Letter to the Chairman of the Committee
from the Secretary of State for Foreign and Commonwealth Affairs
EULEX
Thank you for your letter of 19 January requesting
clarification on the role of the EU's policing and rule of law
mission in Kosovo, EULEX.
As I told the Committee on 10 December, there
is no contradiction between the UK's support for Kosovo's independence,
in accordance with Ahtisaari's Comprehensive Settlement Proposal
(CSP), and the role of EULEX, which was foreseen in the CSP.
EULEX became operational throughout Kosovo on
9 December 2008, at the invitation of the Kosovan government.
The Serbian government also expressed its support for the deployment.
The mission currently has 2248 staff working throughout Kosovo,
including in the Serb-majority areas. Its work to strengthen the
rule of law is to the benefit of all Kosovo's communities.
EULEX's mandate is set out in Joint Action 2008/
124/CFSP, dated 4 February 2008. It operates to the same remit
in all parts of Kosovo: providing mentoring and training to police,
customs, prosecutors and the judiciary. It also retains some executive
authority in the areas of maintaining public order and combating
organised crime.

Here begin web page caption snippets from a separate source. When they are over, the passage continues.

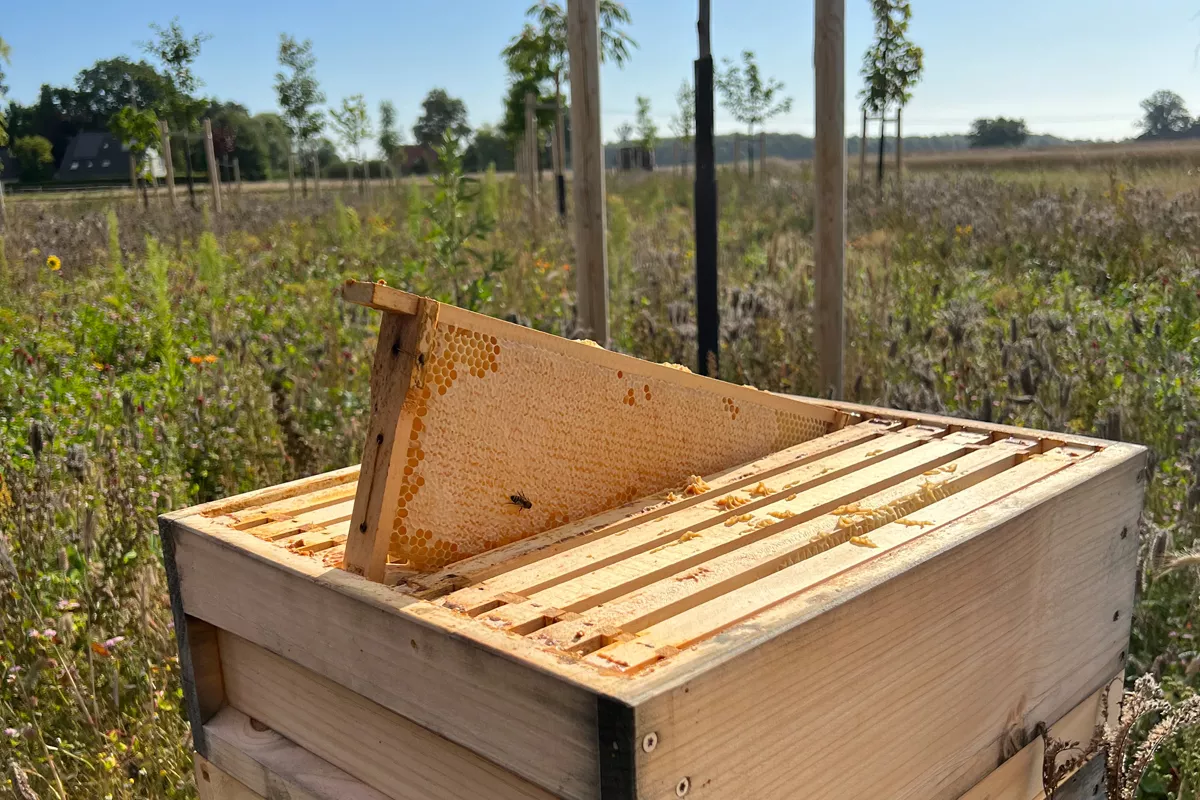 Ein süßer Erfolg: Unsere erste Honigernte aus dem Garten der Sinne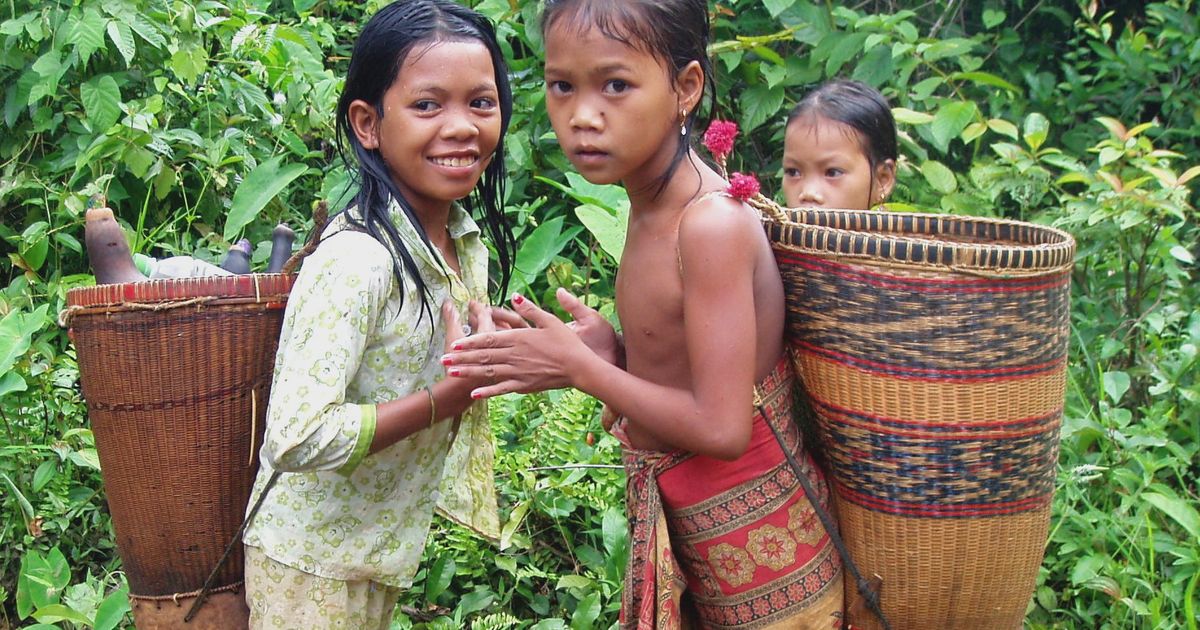 森との共存　ー　カンボジアのジャライ族（12)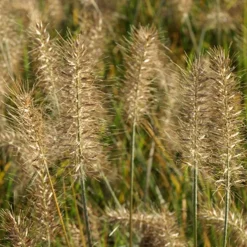 Herbe aux écouvillons Little Bunny - Pennisetum - La graminée qui tient en pot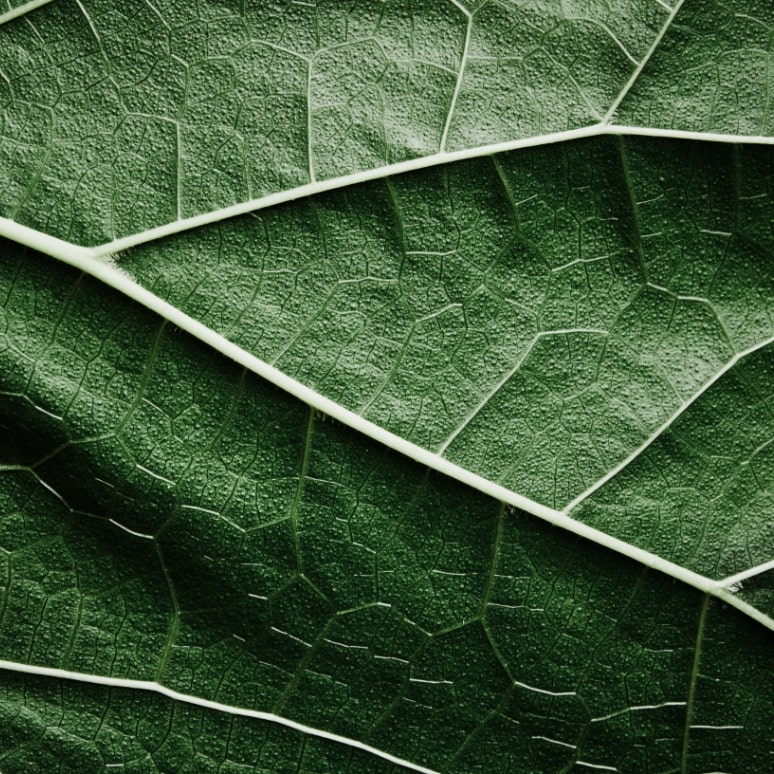 The image is a close up of a plant leaf. 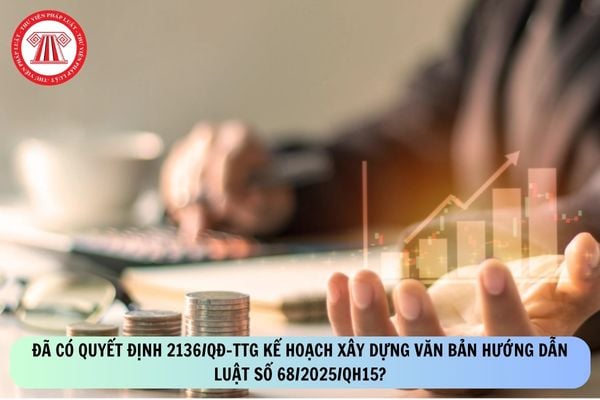 Pháp luật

While EULEX operates within the overall framework
of the United Nations, which itself takes a status neutral approach,
the Joint Action and planning documents do not specify or imply
that EULEX is status neutral.
Since EULEX's deployment, UNMIK has relinquished
its leading role in the field of rule of law in Kosovo and UNMIK
is reviewing its presence in Kosovo in the light of this deployment.
The UN Secretary General's report on Kosovo of 24 November 2008
stated that further discussions would be required on certain transitional
arrangements in areas of particular concern to Kosovan Serbs.
The report made clear that the implementation of these transitional
arrangements would be on the basis of continuous consultation
and co-ordination with the authorities in Pristina, as well as
consultations with Belgrade. These discussions, in which EULEX
is closely involved, are underway and have yet to be concluded.
I am confident that nothing in any of these
transitional arrangements, nor their implementation, will undermine
Kosovo's territorial integrity or unitary nature. I remain a strong
advocate of Kosovo's independence and would not support any activity
that I believed would undermine that.